29.05.2019 10:30 |

Im Jahr 2015

Einzugsgebiet entschied für Knotenpunkt Neumarkt

Noch immer gibt es in Straßwalchen Diskussionen rund um den Neubau des Bahnhofs in Steindorf. Ein Treffen zwischen Bürgermeisterin Tanja Kreer, den ÖBB und dem Land Salzburg brachte in der vergangenen Woche keine Ergebnisse. Das Hauptaugenmerk wird am Knotenpunkt Neumarkt liegen.
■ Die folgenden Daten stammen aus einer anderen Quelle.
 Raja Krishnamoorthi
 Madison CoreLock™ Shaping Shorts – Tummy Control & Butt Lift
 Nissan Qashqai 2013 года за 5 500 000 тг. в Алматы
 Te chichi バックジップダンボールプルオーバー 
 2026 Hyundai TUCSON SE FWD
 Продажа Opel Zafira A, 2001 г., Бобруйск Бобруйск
2015 wurde die Entscheidung getroffen, dass der Bahnhof Neumarkt-Köstendorf zum Knotenpunkt ausgebaut wird. Hier wird ein neuer Bahnhof entstehen, das dritte Gleis für die S-Bahn Richtung Friedburg gebaut und auch ein großer Busterminal wird die Pendler in die Flachgauer Stadt bringen. Nach der Fertigstellung wird es drei Hauptstrecken geben. Die S-Bahn S21 wird von Freilassing über Neumarkt und Steindorf nach Friedburg fahren – elektrifiziert und mit modernen Fahrzeugen. Die Mattigtalbahn fährt mit Dieselloks über die selbe Strecke von Braunau bis Freilassing. Die Railjets, S2, etc. bleiben auf der Weststrecke ohne Halt in Steindorf. Dass Neumarkt als künftiger Knotenpunkt ausgewählt wurde, hat mehrere Gründe. Zum einem die Kosten. Ein Umbau wäre in Steindorf wesentlich teurer. Auch der Güterverkehr wäre eingeschränkt, weil man Abstellgleise opfern hätte müssen. Die Güterzüge spielen im sogenannten „Modal Split“ ein wichtige Rolle.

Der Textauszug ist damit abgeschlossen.